The method of claim 5,
The machine learning is an algorithm for malware detection or classification of Android applications,
The open source data is the open source of the Android application,
The build analysis unit is an application for generating a learning dataset of machine learning, characterized by identifying whether the build system of the open source data corresponds to Eclipse, Android studio, or Gradle. Automated build device.

The method of claim 6,
The library constructing unit includes a library database for searching the required library of the open source data. The application automation build device for creating a learning dataset of machine learning.

The method of claim 6,
When the open source data includes connection information of an invalid Android server, the library configuration unit updates the connection information to the latest Android server related information, thereby automating an application for creating a learning dataset of machine learning. Build device.

The method of claim 6,
The proofing unit performs grammatical error correction and grammar updating for build-related files including local.properties, build.xml, and gradle-wrapper.properties to automate the application for generating a learning dataset of machine learning. Build device.

(A) the storage unit storing a plurality of open source data for machine learning learning;
(B) the setting unit performs a system setting including identifying a build system type of open source data stored in the storage unit, setting an appropriate environment or option information, and applying a necessary library; And
(C) Application automation build method for creating a learning dataset of machine learning, characterized in that the building unit comprises the steps of creating an application dataset by building the open source data in an environment or option set by the setting unit.

The method of claim 10, before step (C),
A method of building an application automation for generating a learning dataset of machine learning, further comprising the step of concealing by applying an obfuscation technique or a packing technique to the open source data.

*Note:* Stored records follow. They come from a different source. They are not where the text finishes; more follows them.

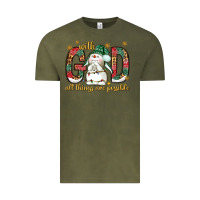 Vintage Olive with god all things are possible with snowman bbs Vintage Tee - BundleAndBundleShop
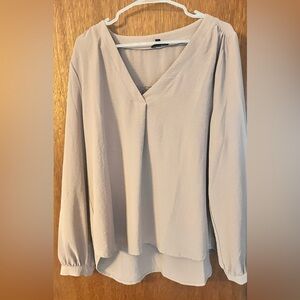 mittoshop Light tan V Neck Long Sleeve Blouse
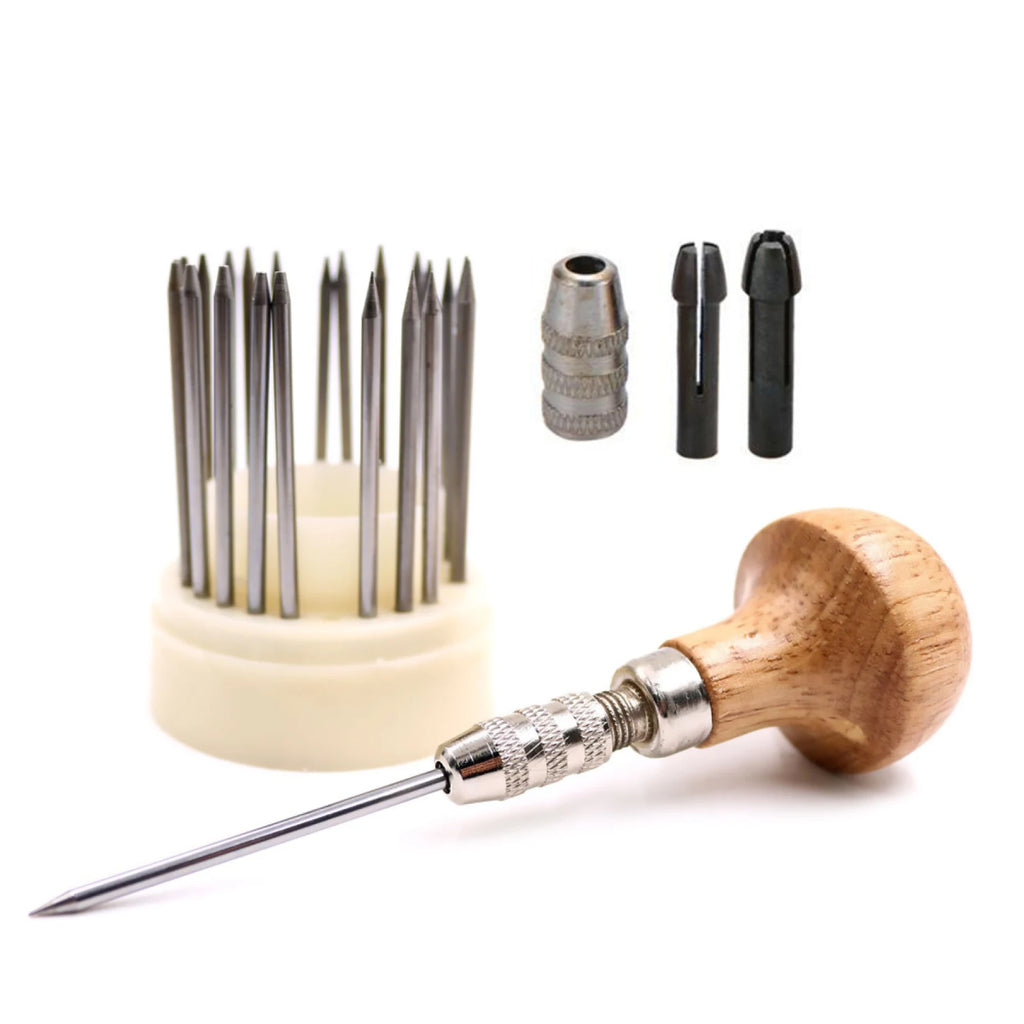 23Pcs/set Beading Tool Diamond Stone Pearl Grain Wood Handle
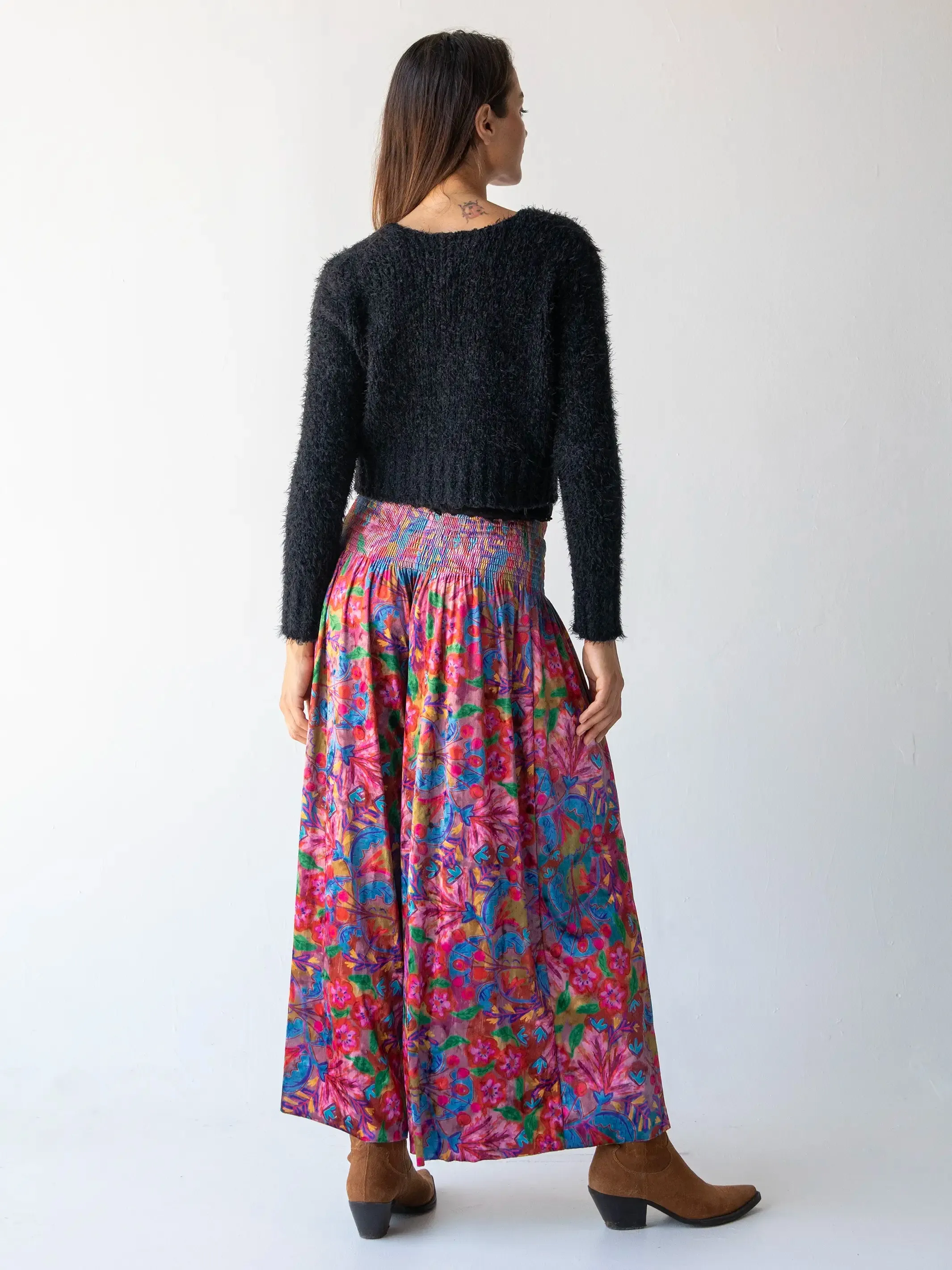 Make A Move Velvet Palazzo Pant - Pink Red Folk Floral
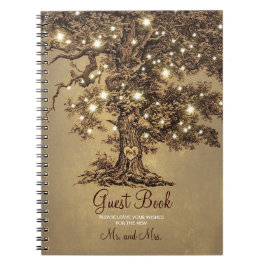 Caderno Espiral Rustic Oak Tree String Luzes de Casamento Livro Co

The method of claim 10, before step (C),
The signing unit further comprises the step of adding an electronic signature to the open source data Application automation build method for creating a learning dataset of machine learning.

The method of claim 10, before step (C),
A method for automatically building an application for generating a learning dataset of machine learning, characterized in that the malware insertion unit further includes inserting learning malware code necessary for learning machine learning into the open source data.